= Beginning of Section =
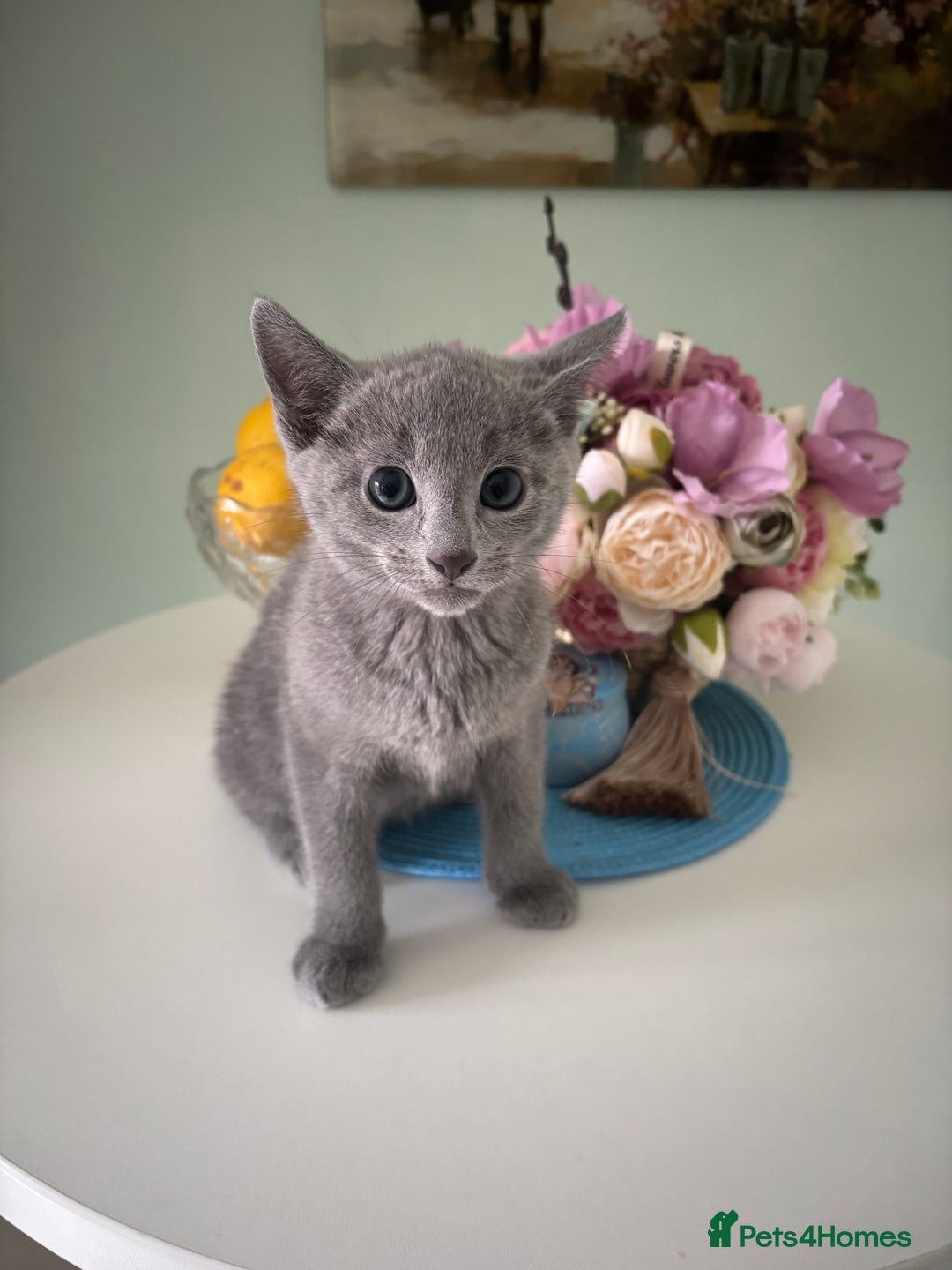 Russian Blue cats for sale: TICA pedigree Russian blue kittens 🐱  - Image 12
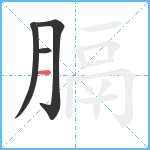 膈笔顺分解图片4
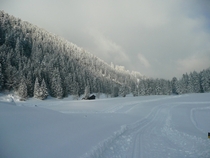 Where I use to go sledding Solalex Switzerland 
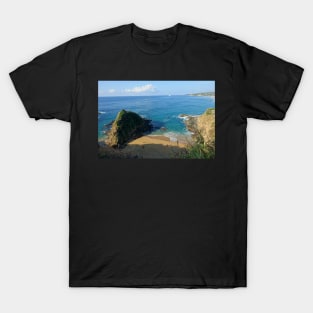 Crique de Zipolite au Mexique T-Shirt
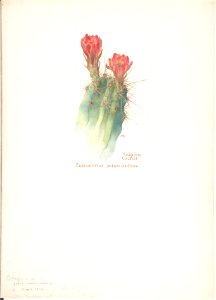 Hedgehog Cactus, Echinocereus polyacanthus MET DP808317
= End of Section =
> Activity
Leave out the pictures and repeat everything else in the records exactly.

> Reply to the task
 Russian Blue cats for sale: TICA pedigree Russian blue kittens 🐱  - Image 12
 膈笔顺分解图片4
 Where I use to go sledding Solalex Switzerland 
 Crique de Zipolite au Mexique T-Shirt
 Hedgehog Cactus, Echinocereus polyacanthus MET DP808317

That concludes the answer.